Returning to the defensive side of the ball, sophomore defender Robert Sagel rounded out the scoring for Temple by converting a penalty kick almost midway through the first half. Sagel said that scoring from the penalty is all about confidence.
“[The ref] points to the [penalty] spot,” Sagel said. “You just have to step up and take it.”
Sagel added that Lafayette’s success later on in the game was due to multiple factors.
“We got a lot of improvements to make,” Sagel said. “We were slow in possession, and still have some organization we got to sort out in the back defensively. Individually, I thought it was OK for our first preseason game of the year, and we’ll build off it.”

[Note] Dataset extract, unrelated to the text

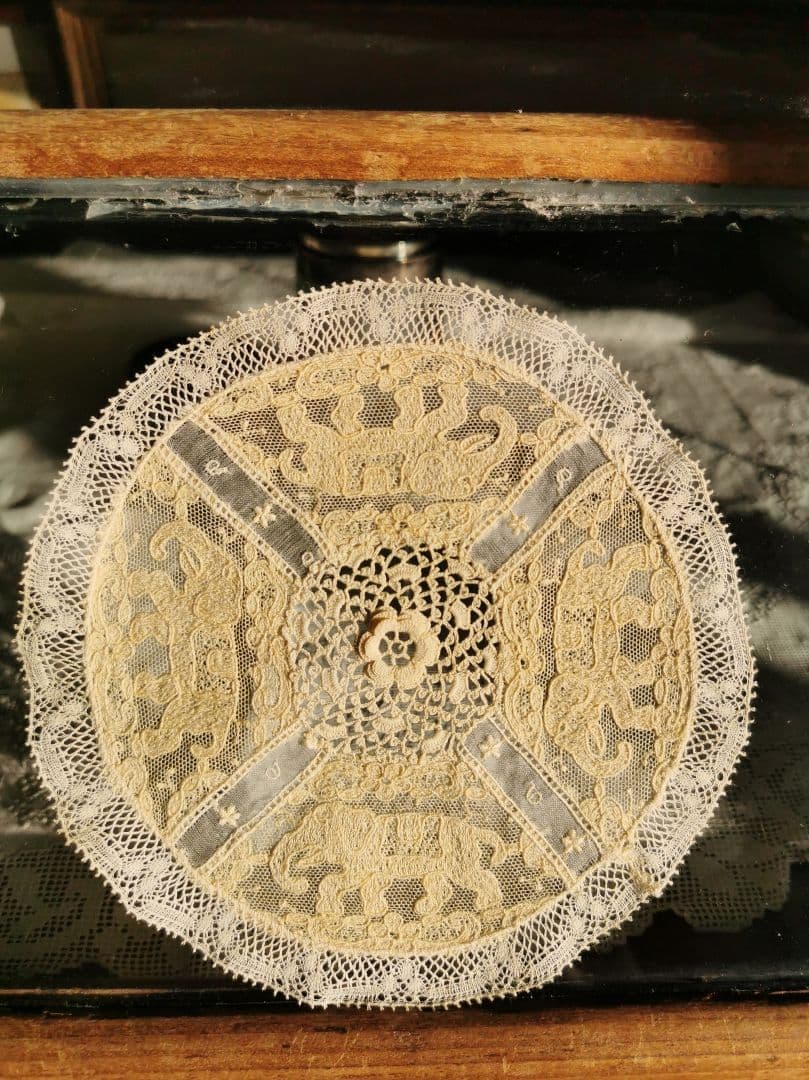 アンティーク 4頭の象アランソン クロシェ編の花 ノルマンディーレースドイリー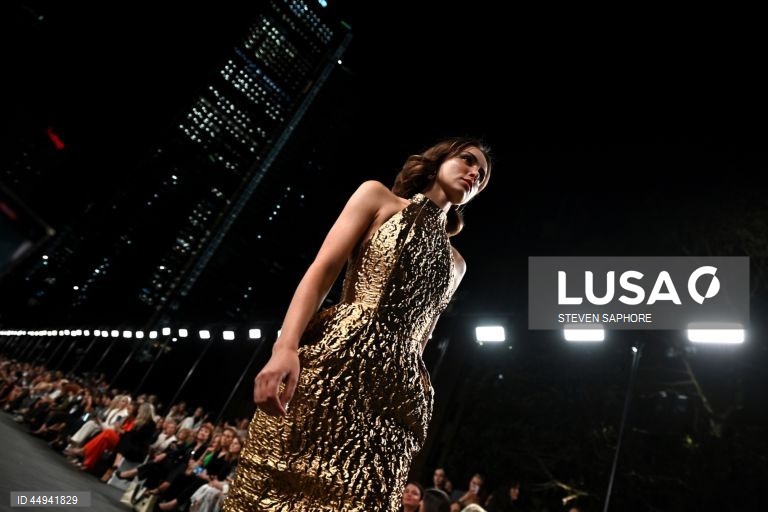 Semana da Moda Australiana - Carla Zampatti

Like Martinelli, Sagel was a preseason All-Conference selection. The 6-foot-3-inch sophomore defender and was a key factor in Temple’s success last season, winning the William “Bill” Wilkinson Rookie of the Year for the Philadelphia Soccer Six, among other honors.
Sagel said having no such prior recognition made it easier to excel last season. Now, with all the awards from last year and a season under his belt, he plans to keep improving.
“Last year, I didn’t have too much recognition, so that wasn’t too much pressure,” Sagel said. “This year, that’s a different story, and I’m going to have to live up to it. Now I’m kind of a leader in the back line and especially going forward [this season], so I’m going to have to step up.”
Ultimately, MacWilliams feels Temple has to improve on a lot of things, ranging from midfielders pushing higher up the field to handling teams heavily pressuring the ball. But most importantly, the Owls will have to be more consistent throughout the full 90 minutes of each match.
MacWilliams split his team’s performance on Tuesday into two categories.
“The first 15 to 20 minutes was very good,” MacWilliams said. “But I think after that, it was very average.”